But let's be blunt--some alternatives are just as bad. Let's take fracking's impact on water. Although we don't hear that much about fracking spills of contaminated water, there is evidence that people living where fracking occurs are at risk of health concerns, and children born where there is fracking have a greater risk of birth defects.
But leaving aside whether the practice of fracking leaves hazardous residues in the water, the fact that fracking relies on water at all is problematic, when drought conditions seriously restrict resources, and decisions about prioritization have to be made. Fracking uses water that could be better used in these situations. Take a look at this:
It can take millions of gallons of fresh water to frack a single well, and much of the drilling is tightly concentrated in areas where water is in chronically short supply, or where there have been multi-year droughts.
Half of the 97bn gallons of water was used to frack wells in Texas, which has experienced severe drought for years – and where production is expected to double over the next five years.
Farming and cities are still the biggest users of water, the report found.
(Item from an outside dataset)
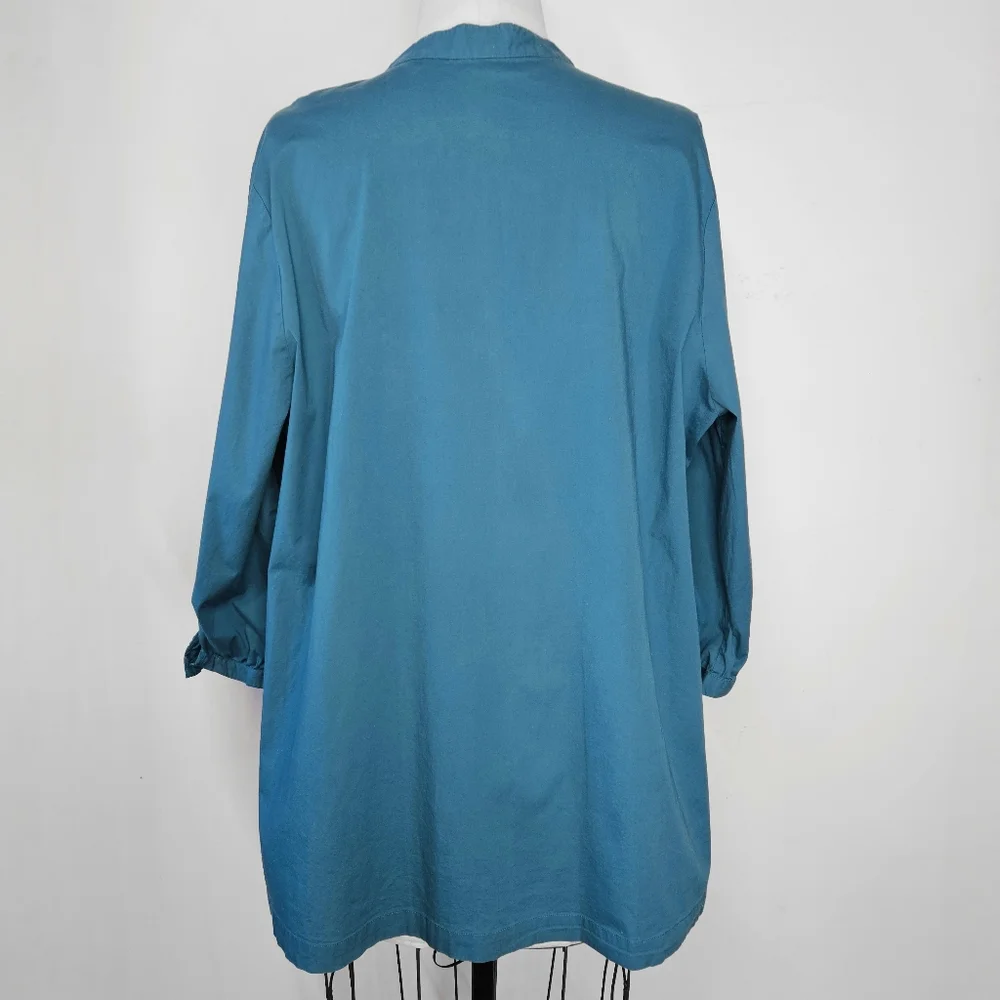 Dana Buchman Sze 2X Shirt Button Down 100% Cotton Beaded Mandarin Teal Turquoise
But it warned the added demand for fracking in the Eagle Ford, at the heart of the Texas oil and gas rush, was hitting small, rural communities hard.
We may seriously be making choices about fracking for hard-to-get energy resources versus water to drink, irrigate crops, and water livestock. And our dependence on fossil fuels, after all, like coal and natural gas, are in part responsible for some of our terrible drought situations
We desperately need to make better choices about our resources.